Alternate syntax for above without using `Array.from()`:

- Use the `$$eval()` and add the IDs/classes inside it - so that insteead of Array.from() and querySelectorAll() - and it takes a 2nd param, a cb Fx - then use `.map()` - parens around the curly braces in map to return an object

```js

/* Get all his courses */

const courses = await page.evaluate(() =>

  Array.from(document.querySelectorAll('#courses .card'), item => ({

    title: item.querySelector('.card-body h3').innerText,

    level: item.querySelector('.card-body .level').innerText,

    url: item.querySelector('.card-footer a').href,

    promo: item.querySelector('.card-footer .promo-code .promo').innerText,

  }))

);

/* Alternate for above using $eval() */

const courses2 = await page.$$eval('#courses .card', items =>

  items.map(item => ({

    title: item.querySelector('.card-body h3').innerText,

    level: item.querySelector('.card-body .level').innerText,

    url: item.querySelector('.card-footer a').href,

    promo: item.querySelector('.card-footer .promo-code .promo').innerText,

  }))

);

```

### File System

- Install the `fs` file-system `Node.js` package to write the values to a file

```js

const fs = require('fs');

/* Write data to a JSON file */

fs.writeFile('courses.json', JSON.stringify(courses2), err => {

  if (err) throw err;

  console.log('File saved');

});

```

## innerText vs textContent

- `textContent` gets the content of all elements, including `` and `<style>` elements.
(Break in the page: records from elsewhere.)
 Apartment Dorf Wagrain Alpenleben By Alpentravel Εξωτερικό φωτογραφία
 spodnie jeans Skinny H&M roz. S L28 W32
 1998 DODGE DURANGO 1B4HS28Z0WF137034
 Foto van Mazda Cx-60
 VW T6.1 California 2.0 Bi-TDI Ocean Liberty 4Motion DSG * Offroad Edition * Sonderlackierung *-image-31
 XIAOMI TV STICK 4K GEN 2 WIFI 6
In contrast, `innerText` only shows "human-readable" elements

- `textContent` returns every element in the node. In contrast, `innerText` is aware of styling and won't return the text of "hidden" elements

- `innerText` triggers a reflow to ensure up-to-date computed styles. Reflows can be computationally expensive, and thus should be avoided when possible

- Both `textContent` and `innerText` remove child nodes when altered

`page.content()` gets all the source code - would getting `innerHTML` for the `body` tag be better?